In my own case, I became a librarian because I needed a job, and it was available. I was graduating from college and getting married. I needed to know where I would be working so my future husband and I could find a place to live. The superintendent of schools who interviewed me was desperate to find a librarian. I had worked as a page in the public library for two years, and I could get an emergency certificate attached to my new teaching license.
Not a very good reason for becoming a librarian, but despite being terrible at the job, I realized I truly liked it. So I continued going for my masters even when I was justifiably not rehired at the end of the year. I found another job as a librarian and began to get better at what I was doing.
After taking several years off to raise my children, I looked for another library position as soon as they were ready to go to school. Although I had trained to be a high school teacher and my first jobs were at that level, I was happy to find something in a brand new elementary school. The school was unusual and it gave me a new “why” for being a librarian.

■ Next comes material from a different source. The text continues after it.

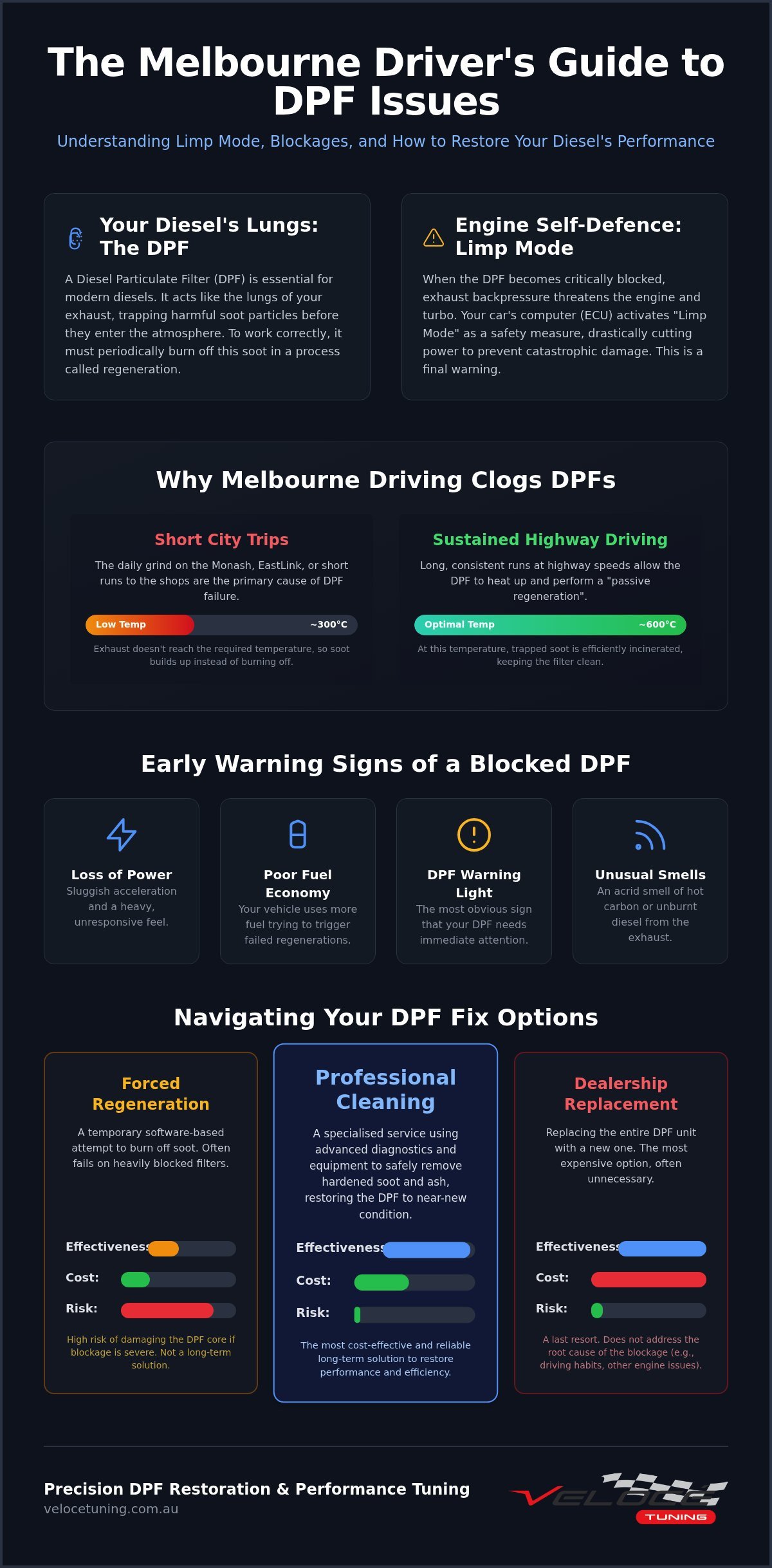 Blocked DPF Fix Melbourne: Restore Your Diesel’s Raw Performance and Power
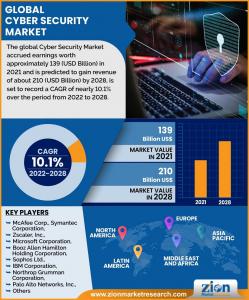 Global Cyber Security Market Size Value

As an elementary level novice, I learned from the teachers. And that is how my next “why” came to be. I discovered how being open to what teachers could show me made them willing to learn what I show them. The collegial atmosphere bred collaboration. I was a librarian because I could help teachers do a better job.
My professional growth continued when I decided to go back to school for additional graduate courses. Because I was going for a Supervisor certificate I met librarians who were looking to become leaders. I also met Ruth Toor, and as a result of the course, we wrote our first book, The Elementary School Librarian’s Almanac.
My career continued and my ‘whys” evolved. The reactions of my students to the help I offered made me realize they were a central reason for why I was a librarian. The better I got at my job, the more they appreciated what I could teach them.
I am extremely active in ALA/AASL and this too has affected my “why.” I am a librarian so I can be a resource to other librarians. I do so through mentoring, the books I write and the workshops I give. But we are all resources for our colleagues.
I also now recognize that I wasn’t aware of another “why” when I was working in schools. By my interactions with students, teachers, and administrators I was making a significant contribution to the whole school community.
My experiences and the research has led me to in essence share why I am a librarian with just about everyone I meet. Whenever I can, I let them know the value of school librarians. And even though I no longer work in a school library, I am still a librarian. And I know why.
Yes, your “why” will change over time. It will continue to change if you are open to the possibility. When the “whys” are positive you become even better at what you do.
What are your “whys” and how have they changed?